The main body of the work was an anthology, compiled by Curio, of Christian pleas for tolerance, from Lactantius and Jerome to Erasmus, the early Luther, and Calvin himself. Castellio contributed the argument in preface and epilogue. For hundreds of years, he pointed out, men had debated free will, predestination, heaven and hell, Christ and the Trinity, and other difficult matters; no agreement had been reached; probably none would ever be reached. But none is necessary, said Castellio; such disputes do not make men better; all that we need is to carry the spirit of Christ into our daily lives, to feed the poor, help the sick, and love even our enemies.
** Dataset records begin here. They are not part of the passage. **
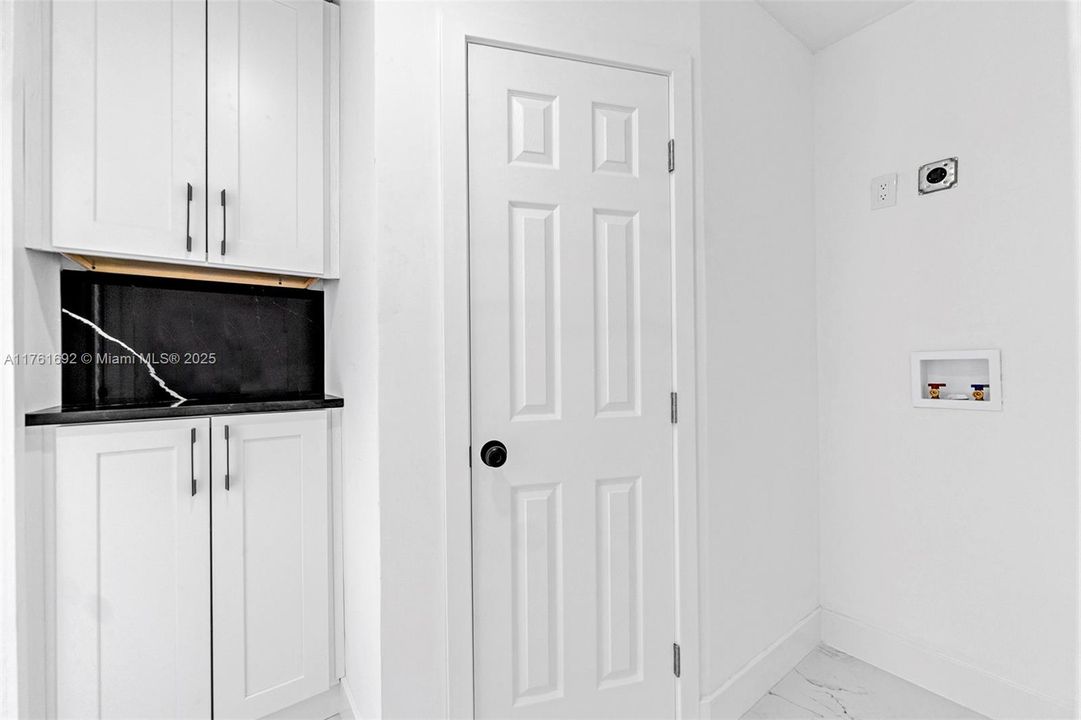 Recently Sold: $544,900 (3 beds, 2 baths, 1209 Square Feet)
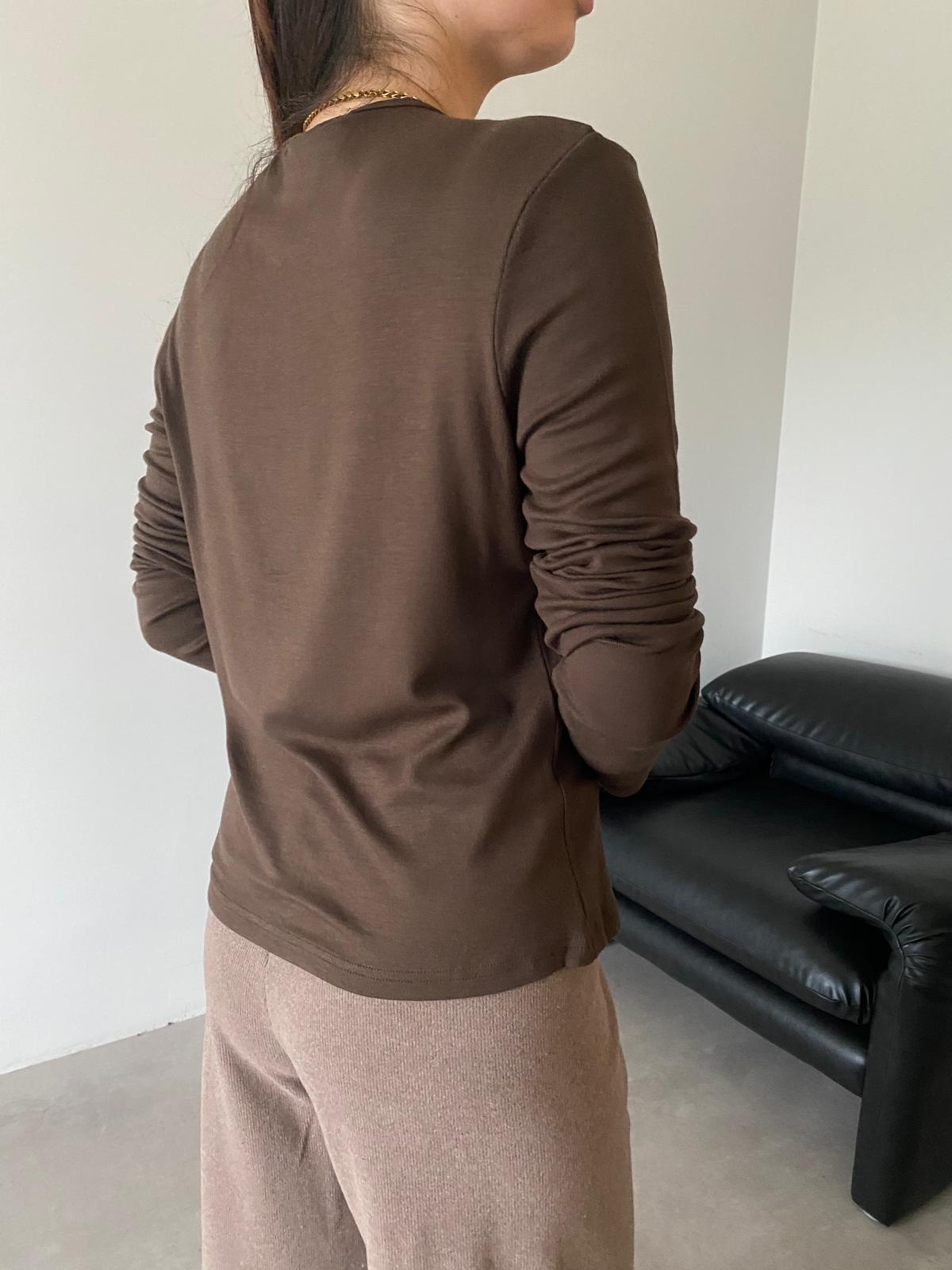 Kahve Yumuşak Dokulu Çıtçıtlı Bluz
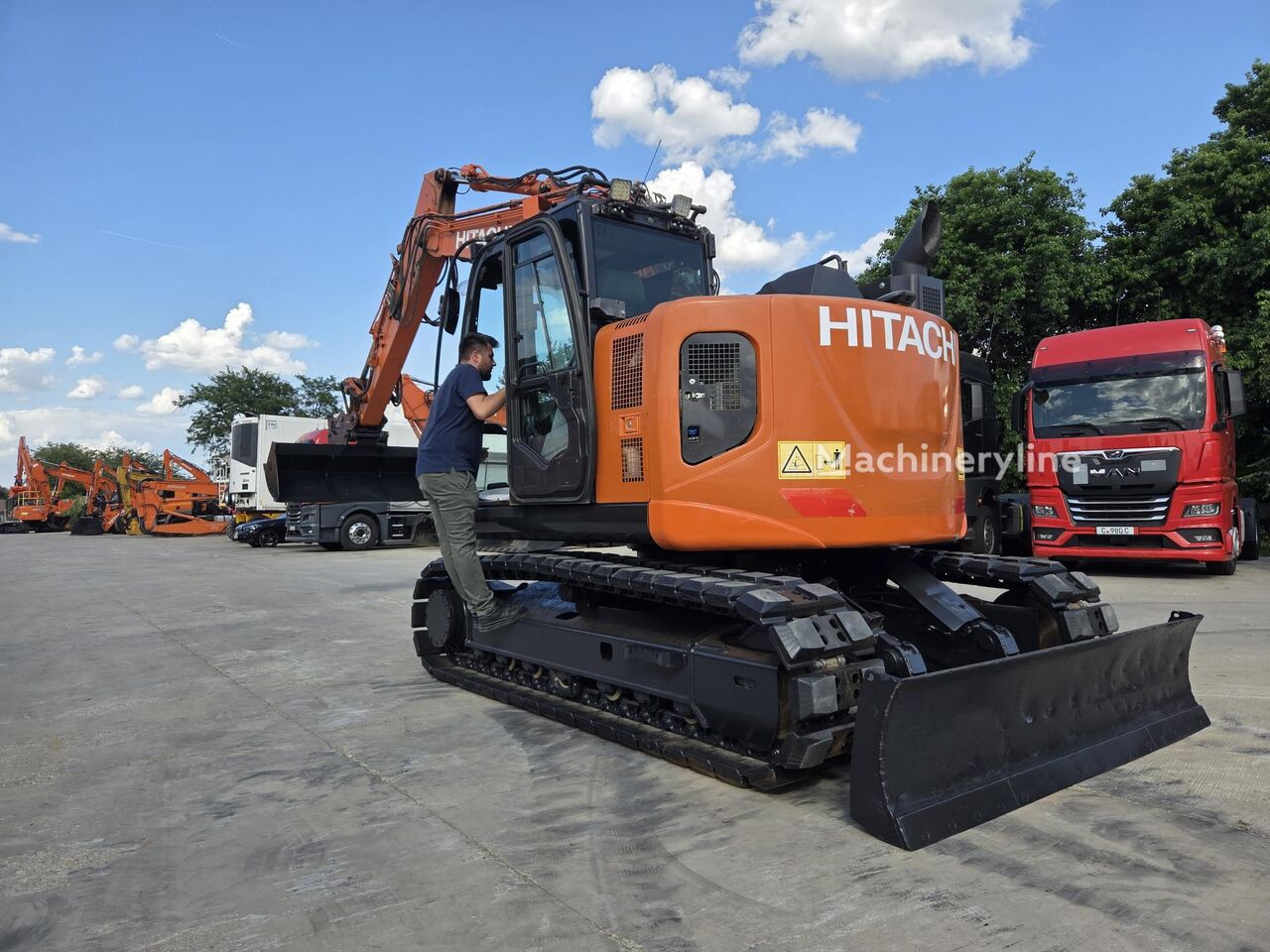 Hitachi ZX220 tracked excavator from Europe for sale, used Hitachi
It seemed to him ridiculous that all the new sects, as well as the old Church, should pretend to absolute truth and make their creeds obligatory on those over whom they had physical power; as a result a man would be orthodox in one city and become a heretic by entering another; he would have to change his religion, like his money, at each frontier. Can we imagine Christ ordering a man to be burned alive for advocating adult baptism? The Mosaic laws calling for the death of a heretic were superseded by the law of Christ, which is one of mercy, not of despotism and terror. If a man denies life after death, and rejects all law, he may (said Castellio) be justly silenced by the magistrates, but he should not be killed. Moreover (he thought), persecution of beliefs is futile; martyrdom for an idea spreads the idea far more rapidly than the martyr could have done had he been allowed to live. What a tragedy (he concluded) that those who had so lately freed themselves from the terrible Inquisition should so soon imitate its tyranny, should so soon force men back into Cimmerian darkness after so promising a dawn!77

Knowing Castellio’s sentiments, Calvin at once recognized his hand in the De haereticis. He delegated the task of answering it to his most brilliant disciple, Théodore de Besze, or Bèze, or Beza. Born in Vézelay of aristocratic lineage, Théodore studied law at Orléans and Bourges, practiced it successfully in Paris, wrote Latin poetry, charmed some women by his wit, more by his prosperity, lived a gay life, married, fell dangerously ill, experienced a sickbed conversion reverse to Loyola’s, adopted Protestantism, fled to Geneva, presented himself to Calvin, and was made professor of Greek at the University of Lausanne. It is remarkable that a Protestant refugee from a Huguenot-persecuting France should have undertaken to defend persecution. He did it with the skill of a lawyer and the devotion of a friend. In September 1554, he issued his De haereticis a civili magistratu puniendis libellus (A Little Book on the Duty of Civil Magistrates to Punish Heretics). He pointed out again that religious toleration was impossible to one who accepted the divine inspiration of the Scriptures. But if we reject the Bible as God’s Word, on what shall we build the religious faith that is so clearly indispensable—considering the natural wickedness of men—to moral restraint, social order, and civilization? Nothing would then be left but chaotic doubts disintegrating Christianity. To a sincere believer in the Bible there could be only one religion; all others must be false or incomplete. Yes, the New Testament preaches a law of love, but this does not excuse us from punishing thieves and murderers; how then does it warrant us in sparing heretics?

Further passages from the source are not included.